Tahlequah Daily Press

November 27, 2013

Rooming house residents target mayor

Staff Writer

TAHLEQUAH — Residents of the Stepping Stone Rooming House in Tahlequah continue to take aim at Mayor Jason Nichols, whom they hold largely responsible for the facility’s imminent closure.

But continuing investigations into the condition of the residential complex indicate it probably should have been closed well before now.

“We knew there were problems at Stepping Stone, but without confirmation, without cause, it’s difficult to verify those reports,” Nichols said Tuesday. “But now that we had that cause, and once we were aware, we had a legal obligation – and a moral one – to go take a look. We have taken this lesson to heart and recognize we need to be more vigilant about these kinds of violations.”

Stepping Stone residents claimed last week that they are being unfairly targeted because of a child’s death at the facility.

Three-year-old Dakota Sanders was found dead there on Nov. 19. Dakota lived in a room with his mother and her boyfriend, both of whom are now jailed for his murder.

Tahlequah Fire Chief Ray Hammons visited Stepping Stone a few days after Dakota’s death to conduct a facility inspection at the request of city officials. After the fire chief’s inspection, Nichols was told of several violations, including an inoperable sprinkler system, a lack of adequate restroom facilities, poor wiring, and more.

State fire officials validated the city’s concerns Monday after their own walk-through of the facility.

While Nichols is largely being blamed by the facility’s residents for its likely closure, the mayor said the city can’t ignore the situation.

About 30 people live within the 28 rooms at Stepping Stone, and either pay from their own pockets, or through some sort of government benefit, $450 to $500 per month. They now have to be out of the rooming house by Dec. 6.

“I think some people may have it in their minds that we’re shutting down a homeless shelter,” Nichols said. “We need to remember this is a for-profit venture that’s charging $450 a month for a room. The operators of this place are getting a pretty good deal.

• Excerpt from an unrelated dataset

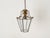 Hexagonal Brass and Glass Chandeliers after Adolf Loos, Italy, 1950s, Set of 2 For Sale - Image 3 of 12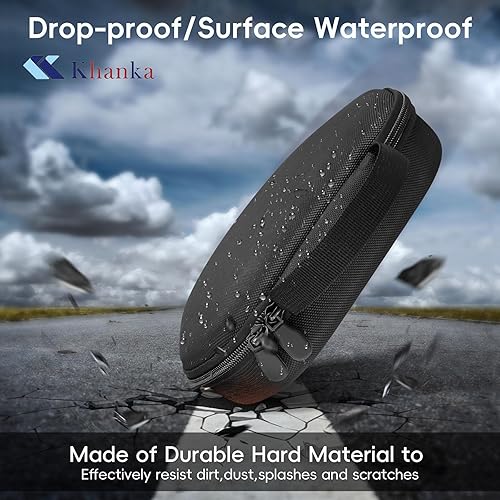 Miniatura 6 de khanka Estuche rígido de transporte para auriculares inalámbricos Apple AirPods Max, funda negra Negro,Azul oscuro,Púrpura,Verde,Azul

From everything I’ve had reported to me – and I have seen some pictures – it’s obvious that not a lot is going back into reinvestment into the property itself.”

Looking for new homes

According to Nichols, existing law could have forced immediate action and closure of the rooming house, but city officials wanted to give residents more time to find new homes.

Robert Clark, who helps Emma Presley run Stepping Stone, says the Cherokee Nation has placed four tenants into new homes. Several have been offered beds at the O-Si-Yo men’s shelter and at Hope House of Cherokee County.

At least one businessman has offered to help by allowing some residents to stay in a rental home before they have enough money for a deposit. The U.S. Department of Veterans Affairs has also been contacted to help if appropriate.

In a Facebook post last Friday, one resident of Stepping Stone estimated about 95 percent of its tenants have found somewhere to go.

Nichols said he has contacted a local behavioral health service that he heard has an emergency housing program, and is also talking with local pastors about the potential need for help in placing residents. Other city employees, he said, are trying to find avenues of assistance for the residents.

Clark and tenants of the rooming house refute Nichols’ claim that he’s trying to help, and say the mayor hasn’t stepped foot onto the property since their troubles with the city began last week.

Nichols said he’s typically not hands-on in the city’s code enforcement process, and is now involved only because of the residents’ need for more time.

“We’re waiting to see if he’s going to pull up here and pick up these tenants,” Clark said of Nichols. “They don’t have cars, and it’s cold outside. They have to walk to look at a rental home in freezing temperatures. This is the truth; I’m not trying to play the sympathy card here.”

Clark said he’ll be taking money from his own pocket to help residents get to their new homes.

State report shows              violations

Officials with the Oklahoma State Fire Marshal’s Office visited Stepping Stone Rooming House Monday to conduct its own inspection of the facility and confirmed the city’s findings.

A copy of a report filed after the visit shows the rooming house had 16 violations. Several photos are attached to the report, showing areas inside the facility that are in violation of health and safety regulations.

According to the state, managers at the rooming house would need to replace the fire sprinkler and fire alarm system; provide proper exit doors with working emergency hardware; remove temporary wiring and extension cords while bringing all wiring up to the National Electric Code; install a proper hood and duct-suppression system; provide fire extinguishers; repair some ceiling issues; repair leaking roofs; install emergency lighting and illuminated exit signs; repair plumbing; and properly vent fuel-burning equipment.

“The state fire marshal verified what our staff said; in fact, they were verbally critical of us for providing any time at all for the residents to get out. They said it should have been evacuated immediately because of the fire safety concerns.”

According to the state’s report, the Stepping Stone property belongs to Julia Hullinger, though Presley said last week that she has “had the mortgage” on the site for several years. Presley has been managing the rooming house since 2007.

Clark said Tuesday that his name is not listed on any documents that might exist relating to ownership or lease of the site.

Presley told the Press last week she faces an “impossible situation” and doesn’t have the funds to pay for necessary upgrades.